Why not spark-streaming alone

211 Views Asked by At

I don't have much of an experience with Kafka/ Spark-Streaming, but I have read many articles on how great the combo is in building real time systems for analysis/dashboards. Can someone explain to me why spark-streaming can't do it alone? In other words, why is Kafka in between the data source and spark-streaming?

Thanks

4

There are 4 best solutions below

0
Devan M S On

For processing data using Spark,we need to provide data through different data sources which is supported by Spark. (Or we need to write our own custom data source)

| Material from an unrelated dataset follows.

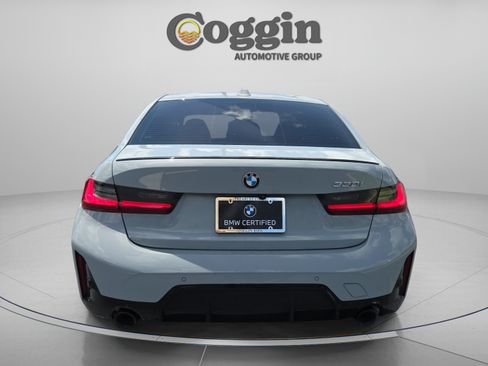 Certified 2024 BMW 330i Sedan w/ M Sport Package RWD image 4
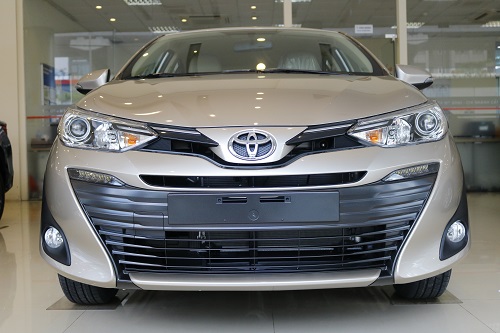 Toyota Vios  1.5 G CVT 2018 - Bán ô tô Toyota Vios 2019 giá tốt tại Toyota Mỹ Đình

If it is static data, spark provides

  sc.textFile("FILE PATH") //For reading text file
  sc.wholeTextFiles("DIRECTORY PATH") //For reading whole text files in a directory
  sqlContext.read.parquet("FILE PATH")
  sqlContext.read.json("FILE PATH")
  1. Apply your logic on the resultant RDD.

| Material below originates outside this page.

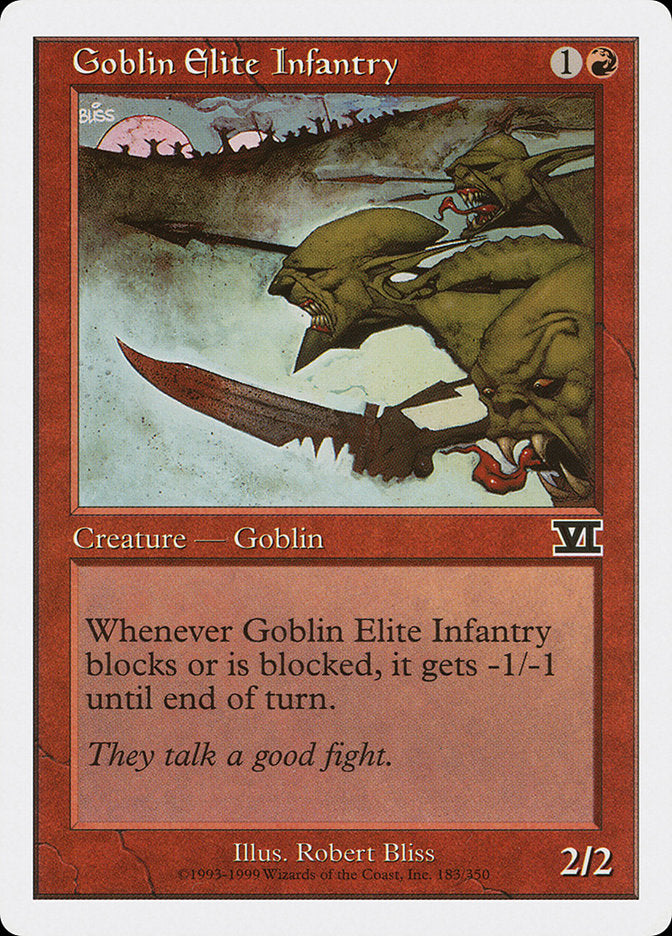 Goblin Elite Infantry [Classic Sixth Edition] | Clutch Gaming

In streaming case spark supporting data from different sources like

Kafka,Flume,Kinesis,Twitter,ZeroMQ,MQTT etc.

And Spark support simple socket Streaming also,

val lines = ssc.socketTextStream("localhost", 9999)

For more

Kafka is a high-throughput distributed messaging system. Kafka's distributed behavior, scalability and fault tolerance give an advantage over other messaging systems. (MQTT, ZMQ etc)

So question is among these data sources which one is yours ? You can replace kafka data source with your own. We are using MQTT as default source.

0
onrdncl On

Actually there is a simple explanation for this question.

Spark Streaming and other streaming environments are designed for reading data instantly. After reading process they have not much ability to keep data alive.(Some of them have, but not efficient). By the way there will be a need for a message broker like Kafka to keep data alive for particular time. Therefore other tools can easily pick up data from message broker(Kafka) at any time by using a consumer. Dividing responsibilities will give you effective results.

0
Faisal Ahmed Siddiqui On

Can someone explain to me why spark-streaming can't do it alone?

Spark streaming is meant for live data and data needs to be ingested from somewhere. Like Kafka, Flume, Kinesis, or TCP sockets. Even you can read data from file.

https://spark.apache.org/docs/latest/streaming-programming-guide.html

In case if your use case is simple enough to read from file, i would say to go for apache nifi.

https://www.youtube.com/watch?v=gqV_63a0ABo&list=PLzmB162Wvzr05Pe-lobQEZkk0zXuzms56

In other words, why is Kafka in between the data source and spark-streaming?

Depending on scenarios, Kafka is often suitable option to store data and then consume from different aspects.

0
Diaboloxx On

I am new too to the field and I was searching exactly for the same thing and I found this simple explanation by practicing. When using Spark in a streaming context you are usually connecting your spark instance to an already established socket like the code below.

And here comes the need for a message broker to open this socket and keep it alive even when data is not coming.

Of course using a message broker like Kafka for example has a lot more advantages that just opening a socket connection especially in terms of resiliance and fault tolerance.

from pyspark.sql import SparkSession
from pyspark.streaming import StreamingContext

spark = SparkSession.builder \
    .appName("SocketConsumer") \
    .getOrCreate()

ssc = StreamingContext(spark.sparkContext, 1)  # 1-second batch interval

# Create DStream from socket
lines = ssc.socketTextStream("localhost", 9999)  # Change host and port as needed

# Process each RDD
def process_data(rdd):
    rdd.foreach(lambda record: process(record))

def process(record):
    # Implement logic to process the received data
    print(record)  # Example: Print received data

lines.foreachRDD(process_data)

# Start streaming context
ssc.start()
ssc.awaitTermination()